Mature trees provide many more benefits than young trees. They provide more shade, filter more pollutants, absorb more storm water, and have a greater effect on reducing energy costs; the larger the tree, the more benefits it provides to the public. Additionally, tree planting is an investment. Young trees can require more maintenance, such as watering, staking, and structural pruning. For these reasons, the City does allow the replacement of existing trees unless the tree is dead or presents a risk to the public or the removal is part of an approved construction site plan. 
How can I request a new tree planting for the right-of-way (lawn strip or tree bed) adjacent to my property?
The City of Birmingham plants about 200 public trees each year. To request a new public tree, call the Department of Public Services at 248-530-1700. The City will send a staff member or Introduction 6 Contracted Arborist to inspect the location. Determination on suitable planting sites and species selection are at the discretion of the City.
Can I choose the tree species to be planted in the right-of-way in front of my property?

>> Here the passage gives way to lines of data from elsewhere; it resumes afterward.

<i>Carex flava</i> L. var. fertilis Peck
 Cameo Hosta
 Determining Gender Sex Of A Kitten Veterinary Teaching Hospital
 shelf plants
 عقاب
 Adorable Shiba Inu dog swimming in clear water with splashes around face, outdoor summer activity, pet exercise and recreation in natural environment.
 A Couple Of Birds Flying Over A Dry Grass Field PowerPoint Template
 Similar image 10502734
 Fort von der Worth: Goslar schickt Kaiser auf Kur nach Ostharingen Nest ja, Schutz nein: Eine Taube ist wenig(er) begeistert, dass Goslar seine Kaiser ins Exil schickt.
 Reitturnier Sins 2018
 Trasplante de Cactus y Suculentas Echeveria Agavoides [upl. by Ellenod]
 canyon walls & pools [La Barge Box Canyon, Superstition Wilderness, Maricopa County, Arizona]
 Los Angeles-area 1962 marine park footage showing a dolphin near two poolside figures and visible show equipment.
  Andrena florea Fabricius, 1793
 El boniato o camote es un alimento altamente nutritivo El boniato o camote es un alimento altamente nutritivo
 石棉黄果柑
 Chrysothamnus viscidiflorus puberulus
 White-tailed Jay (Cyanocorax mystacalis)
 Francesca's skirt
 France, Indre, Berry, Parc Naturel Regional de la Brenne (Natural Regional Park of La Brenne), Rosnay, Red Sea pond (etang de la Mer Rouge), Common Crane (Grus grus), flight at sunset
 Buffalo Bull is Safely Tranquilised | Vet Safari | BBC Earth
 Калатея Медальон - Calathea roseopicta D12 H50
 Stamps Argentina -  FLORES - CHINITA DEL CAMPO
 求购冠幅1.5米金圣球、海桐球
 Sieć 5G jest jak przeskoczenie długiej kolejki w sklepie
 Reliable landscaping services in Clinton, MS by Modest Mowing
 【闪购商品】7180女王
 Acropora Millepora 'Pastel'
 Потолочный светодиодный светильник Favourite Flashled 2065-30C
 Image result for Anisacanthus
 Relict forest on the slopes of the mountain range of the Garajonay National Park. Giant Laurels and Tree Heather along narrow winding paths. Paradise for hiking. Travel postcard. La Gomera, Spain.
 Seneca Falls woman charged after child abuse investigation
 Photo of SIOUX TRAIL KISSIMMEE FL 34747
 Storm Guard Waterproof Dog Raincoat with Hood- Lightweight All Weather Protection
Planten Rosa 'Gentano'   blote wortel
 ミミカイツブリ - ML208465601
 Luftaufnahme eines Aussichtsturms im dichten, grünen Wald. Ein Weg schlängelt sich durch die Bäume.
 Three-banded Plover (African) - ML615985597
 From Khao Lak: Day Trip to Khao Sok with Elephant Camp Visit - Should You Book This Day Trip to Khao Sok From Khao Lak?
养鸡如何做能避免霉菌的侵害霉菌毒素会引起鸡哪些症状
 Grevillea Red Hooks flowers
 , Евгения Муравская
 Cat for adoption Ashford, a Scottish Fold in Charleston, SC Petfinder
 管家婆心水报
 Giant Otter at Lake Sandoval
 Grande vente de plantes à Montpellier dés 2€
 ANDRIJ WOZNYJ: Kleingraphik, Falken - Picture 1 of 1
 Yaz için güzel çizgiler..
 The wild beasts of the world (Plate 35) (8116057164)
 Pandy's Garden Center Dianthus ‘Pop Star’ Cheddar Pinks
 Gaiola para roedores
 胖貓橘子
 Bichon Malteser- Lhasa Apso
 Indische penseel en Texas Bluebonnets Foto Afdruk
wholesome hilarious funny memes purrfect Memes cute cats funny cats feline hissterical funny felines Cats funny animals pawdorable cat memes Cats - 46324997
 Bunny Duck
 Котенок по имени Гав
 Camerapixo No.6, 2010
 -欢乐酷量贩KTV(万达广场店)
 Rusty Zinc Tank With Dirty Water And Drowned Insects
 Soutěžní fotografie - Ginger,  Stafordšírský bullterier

Because the Department of Public Services has jurisdiction over public trees, the City chooses which tree species are planted at each site. The City’s Contracted Arborist is knowledgeable about which tree is the appropriate choice for the site, following industry standards. While the public may have strong opinions about individual trees, species selections are made with many considerations in mind: site characteristics, species tolerances, overall diversity of the urban forest, future maintenance needs, pest and disease concerns, and nursery availability (See Chapter 1: Tree Planting and Early Care). 
Can I decline a public tree planting?
The City has the final determination is selecting sites and species for tree plantings on public property, including the street right-of-way adjacent to private property. Trees on public property provide the entire community with the many environmental, aesthetic, and economic benefits. In Birmingham, public trees are viewed as necessary infrastructure. Just as the placement of other community assets such as fire hydrants and streetlights cannot be refuted, tree placement is viewed as a public asset that cannot be refuted. For these reasons, the City retains the right to deny any request to refuse a public tree. Few exceptions can be made, such as for accessibility issues or legitimate infrastructure conflicts (See Chapter 1 for planting information and Chapter 4 for justified reasons for tree removals). 
Why does the City have policies about trees?
The urban forest is highly valued by community members in Birmingham. The social, economic, and environmental benefits of the City’s urban trees amount to more than $21 million. Trees reduce energy costs, filter the air, and reduce storm water runoff. They provide wildlife habitat and contribute greatly to the beauty and character of the City, even in its heavily built-up commercial areas.